King Charles Loses Temper With Queen Camilla In Old Clip: 'We Need To Go!'
A video of King Charles III losing his temper with Queen Camilla on a royal visit last December has gone viral on YouTube, with views exceeding 1.3 million and over 2,000 comments.
The king and queen were visiting the Welsh city of Wrexham on December 9, where they met with Hollywood actors Ryan Reynolds and Rob McElhenney, who became co-owners of soccer club Wrexham A.F.C. in 2020.
On a walkabout after touring the club, Charles and Camilla met with members of the public. The king was seen to get visibly frustrated with his wife of 17 years, who was taking longer with the crowds than was scheduled for.

"Can we try and get her back again?" the new monarch was heard complaining to aides in the viral clip uploaded by the @royalchannel on YouTube.
"Please. We need to go! I was trying to wait for her. But she goes on!"
The display of irritation comes after Charles lost his temper on two high profile occasions soon after he acceded to the throne following the death of Queen Elizabeth II in September 2022—both over fountain pens.
At his accession council, where he was officially proclaimed king at St. James's Palace in London, the new sovereign made an angry outburst when signing proclamations because a tray of pens was placed in his way on the small table. He gestured for an aide to remove them, only for Prince William to quickly request one of them when his turn came to add his signature.
Two days later on a visit to Hillsborough Castle, the monarch's official residence in Northern Ireland, Charles exploded when the pen he was using to sign the visitors book leaked over his hands.
"Oh God, I hate this pen!" he was filmed telling aides. "Can't bear this bloody thing! [...] [It's] what they do every stinking time."
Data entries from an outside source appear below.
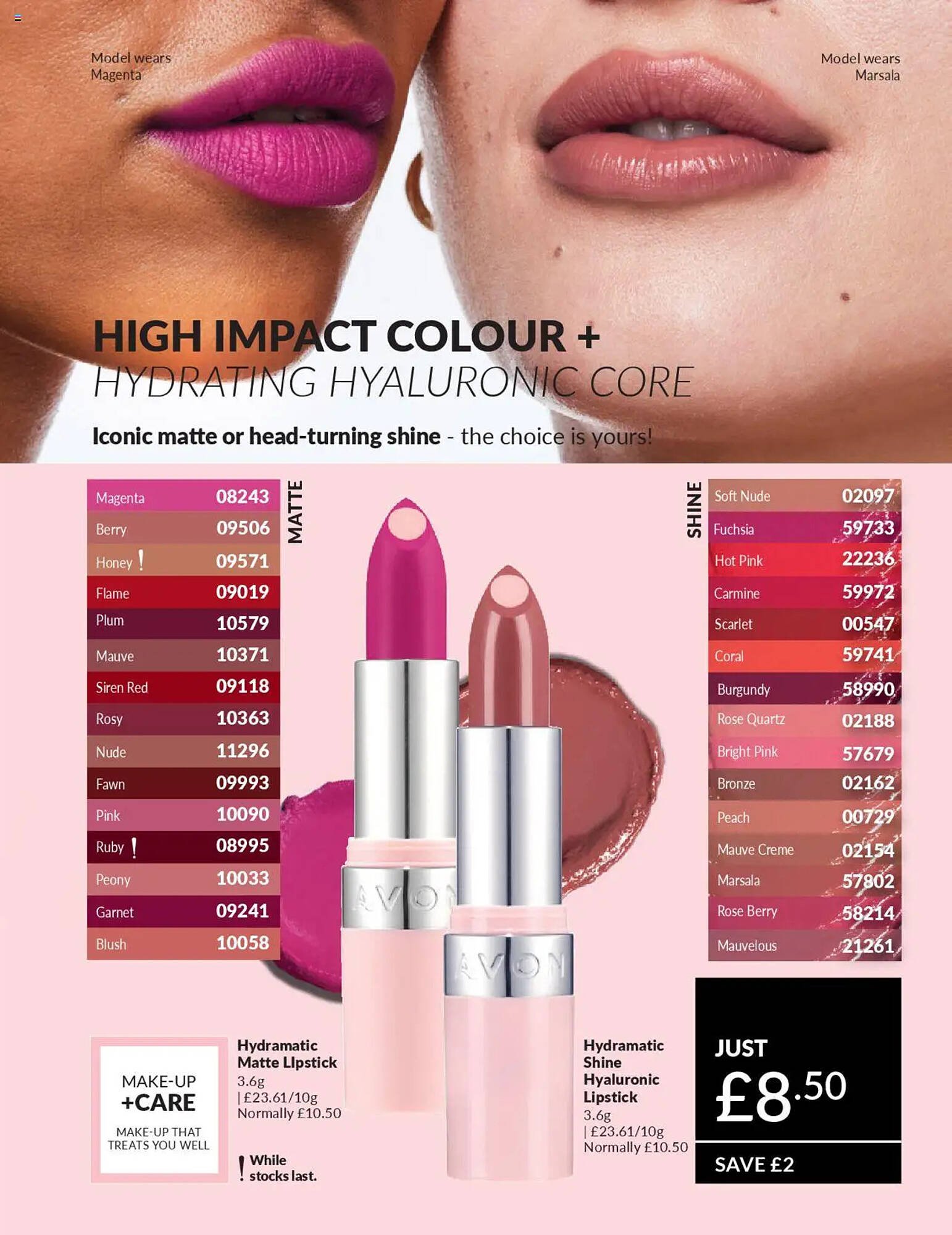 Avon catalogue (2025-09-01 - 2025-10-01) | 26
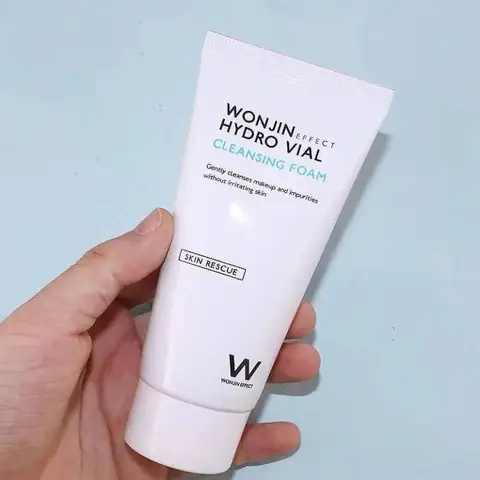 Sữa Rửa Mặt Wonjin Hydro Vial: Công Dụng, Thành Phần & Review Chi Tiết Sữa Rửa Mặt Wonjin Hydro Vial: Công Dụng, Thành Phần & Review Chi Tiết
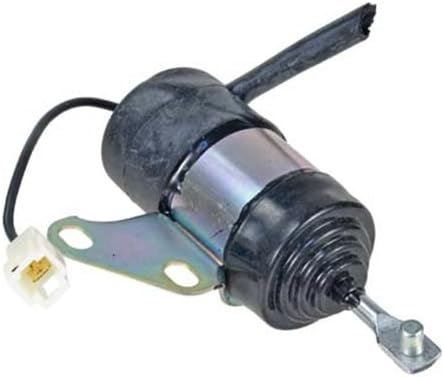 Rareelectrical New Fuel Shut Off Solenoid Compatible With Kubota Tractors 453 453 Solenoids Buy Cheap New Www Klevering Com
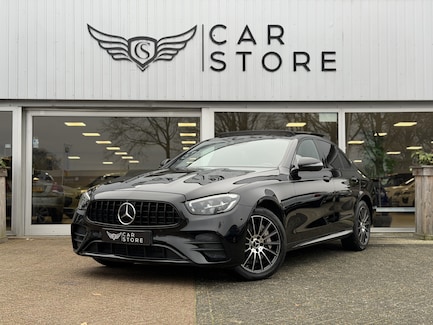 Mercedes-Benz E-klasse 0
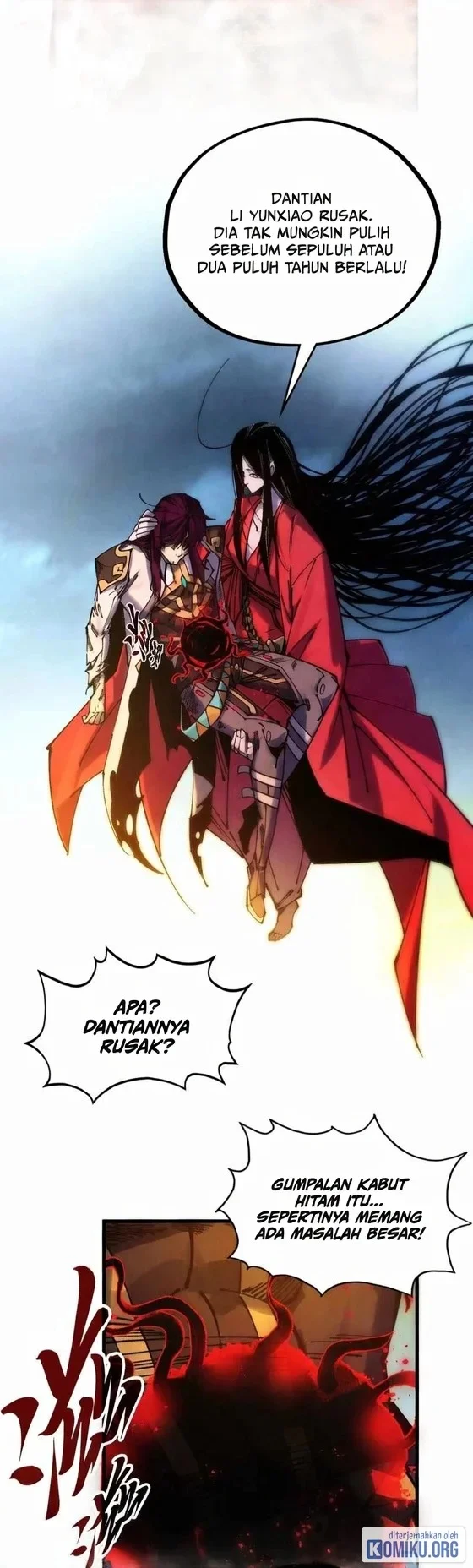 The Ultimate of All Ages Chapter 562 Gambar 16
Charles' expectations of punctuality from his wife were referenced by royal author and former editor of Vanity Fair, Tina Brown in her 2022 book The Palace Papers, claiming that the royal's regimented schedule caused Camilla to have empathy for Princess Diana.
"The prince's routine was relentless," Brown wrote of Camilla's early life as a working royal, following her marriage to Charles in 2005.
"Punctuality had never been Camilla's strong suit, but Charles expected her to be ready for engagements at his own regimented pace. When she asked where they were going, he would snap: 'Haven't you read the brief?'"
According to Brown: "One of [Camilla's] friends at that time told me that she had even started to feel some empathy with Diana's manifold discontents."
Camilla recently made headlines as a central figure of criticism in her step-son, Prince Harry's, explosive memoir Spare.
The prince described pleading with his father not to marry Camilla after she was labeled by Princess Diana as the third person in her marriage to Charles, which ended in divorce in 1996.

Speaking to Anderson Cooper for 60 Minutes, the prince described feeling as though his step-mother had sacrificed him on her "PR altar" by feeding negative stories about him to the press to bolster her own public image. When asked why she would do this, Harry responded: "She was the villain. She was the third person in their [Charles and Diana's] marriage. She needed to rehabilitate her image."
Buckingham Palace, which issues official communications on behalf of the wider royal family but principally Charles and Camilla, has declined to comment on Harry's book or the claims made within it.